» About this task
Would you restate, word for word, only the lines starting at the one with "FZD5 Antibody (monoclonal) (M01)" and ending with the final line of the entries below? Pictures stay out.

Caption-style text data
□ □ □ □ □ □ □

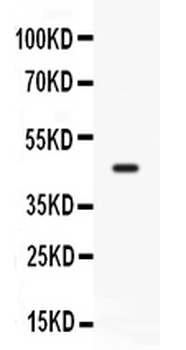 CD33 Rabbit Polyclonal Antibody
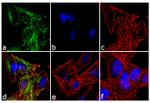 TrkC Antibody in Immunocytochemistry (ICC/IF)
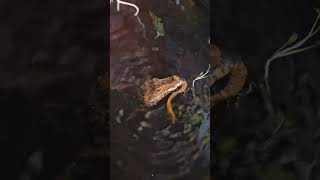 Cuviers Dwarf Caiman Eating A Snake share trending viral subscribe shorts food reptile wow [upl. by Ecinahc]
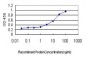 FZD5 Antibody (monoclonal) (M01)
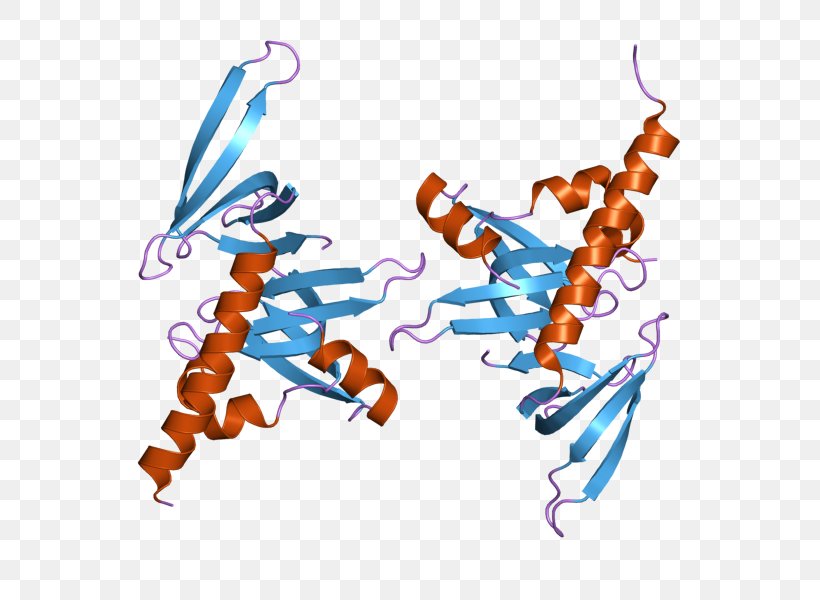 Gem-associated Protein 6 Gem-associated Protein 7 Survival Of Motor Neuron Gene, PNG, 800x600px, Gemassociated Protein 6, Art, Cajal Body, Cell Nucleus, Gemassociated Protein 7 Download Free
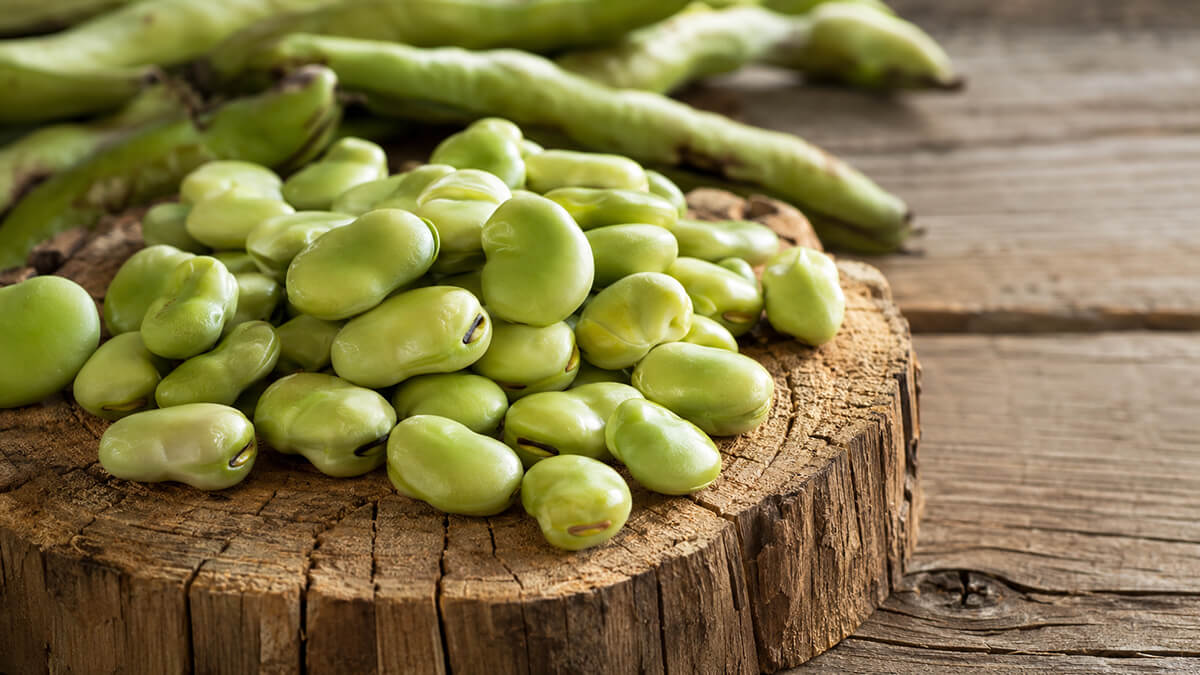 Fava protein z fazolí Fava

□ □ □ □ □ □ □

» Output for this task
 FZD5 Antibody (monoclonal) (M01)
 Gem-associated Protein 6 Gem-associated Protein 7 Survival Of Motor Neuron Gene, PNG, 800x600px, Gemassociated Protein 6, Art, Cajal Body, Cell Nucleus, Gemassociated Protein 7 Download Free
 Fava protein z fazolí Fava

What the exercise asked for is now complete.